═══ Exercise materials ═══

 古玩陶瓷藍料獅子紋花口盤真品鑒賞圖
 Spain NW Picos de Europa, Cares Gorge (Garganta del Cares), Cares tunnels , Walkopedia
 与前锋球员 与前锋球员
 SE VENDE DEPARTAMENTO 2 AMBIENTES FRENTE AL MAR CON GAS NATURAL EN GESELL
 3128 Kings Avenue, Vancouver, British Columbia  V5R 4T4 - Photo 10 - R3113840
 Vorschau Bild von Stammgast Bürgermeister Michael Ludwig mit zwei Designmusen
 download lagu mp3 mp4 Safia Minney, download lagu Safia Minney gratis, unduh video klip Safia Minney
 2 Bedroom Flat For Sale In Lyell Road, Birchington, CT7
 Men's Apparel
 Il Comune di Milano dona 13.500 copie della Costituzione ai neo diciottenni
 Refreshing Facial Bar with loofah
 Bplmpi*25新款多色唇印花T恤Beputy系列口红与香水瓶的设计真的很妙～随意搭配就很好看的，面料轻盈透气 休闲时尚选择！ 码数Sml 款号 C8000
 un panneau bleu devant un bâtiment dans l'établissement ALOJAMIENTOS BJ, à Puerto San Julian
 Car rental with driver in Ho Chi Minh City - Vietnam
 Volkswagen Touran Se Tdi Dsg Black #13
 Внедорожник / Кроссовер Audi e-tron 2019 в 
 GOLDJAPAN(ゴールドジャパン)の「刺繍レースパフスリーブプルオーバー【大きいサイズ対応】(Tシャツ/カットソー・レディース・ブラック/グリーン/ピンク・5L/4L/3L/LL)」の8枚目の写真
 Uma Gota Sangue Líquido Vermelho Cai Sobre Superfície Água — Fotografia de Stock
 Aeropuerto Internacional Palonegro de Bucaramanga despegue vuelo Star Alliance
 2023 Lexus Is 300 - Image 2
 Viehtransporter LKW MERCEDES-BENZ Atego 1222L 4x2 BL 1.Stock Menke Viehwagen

═══

Prompt: Reproduce all records exactly, without omissions.

Expected answer:
 古玩陶瓷藍料獅子紋花口盤真品鑒賞圖
 Spain NW Picos de Europa, Cares Gorge (Garganta del Cares), Cares tunnels , Walkopedia
 与前锋球员 与前锋球员
 SE VENDE DEPARTAMENTO 2 AMBIENTES FRENTE AL MAR CON GAS NATURAL EN GESELL
 3128 Kings Avenue, Vancouver, British Columbia  V5R 4T4 - Photo 10 - R3113840
 Vorschau Bild von Stammgast Bürgermeister Michael Ludwig mit zwei Designmusen
 download lagu mp3 mp4 Safia Minney, download lagu Safia Minney gratis, unduh video klip Safia Minney
 2 Bedroom Flat For Sale In Lyell Road, Birchington, CT7
 Men's Apparel
 Il Comune di Milano dona 13.500 copie della Costituzione ai neo diciottenni
 Refreshing Facial Bar with loofah
 Bplmpi*25新款多色唇印花T恤Beputy系列口红与香水瓶的设计真的很妙～随意搭配就很好看的，面料轻盈透气 休闲时尚选择！ 码数Sml 款号 C8000
 un panneau bleu devant un bâtiment dans l'établissement ALOJAMIENTOS BJ, à Puerto San Julian
 Car rental with driver in Ho Chi Minh City - Vietnam
 Volkswagen Touran Se Tdi Dsg Black #13
 Внедорожник / Кроссовер Audi e-tron 2019 в 
 GOLDJAPAN(ゴールドジャパン)の「刺繍レースパフスリーブプルオーバー【大きいサイズ対応】(Tシャツ/カットソー・レディース・ブラック/グリーン/ピンク・5L/4L/3L/LL)」の8枚目の写真
 Uma Gota Sangue Líquido Vermelho Cai Sobre Superfície Água — Fotografia de Stock
 Aeropuerto Internacional Palonegro de Bucaramanga despegue vuelo Star Alliance
 2023 Lexus Is 300 - Image 2
 Viehtransporter LKW MERCEDES-BENZ Atego 1222L 4x2 BL 1.Stock Menke Viehwagen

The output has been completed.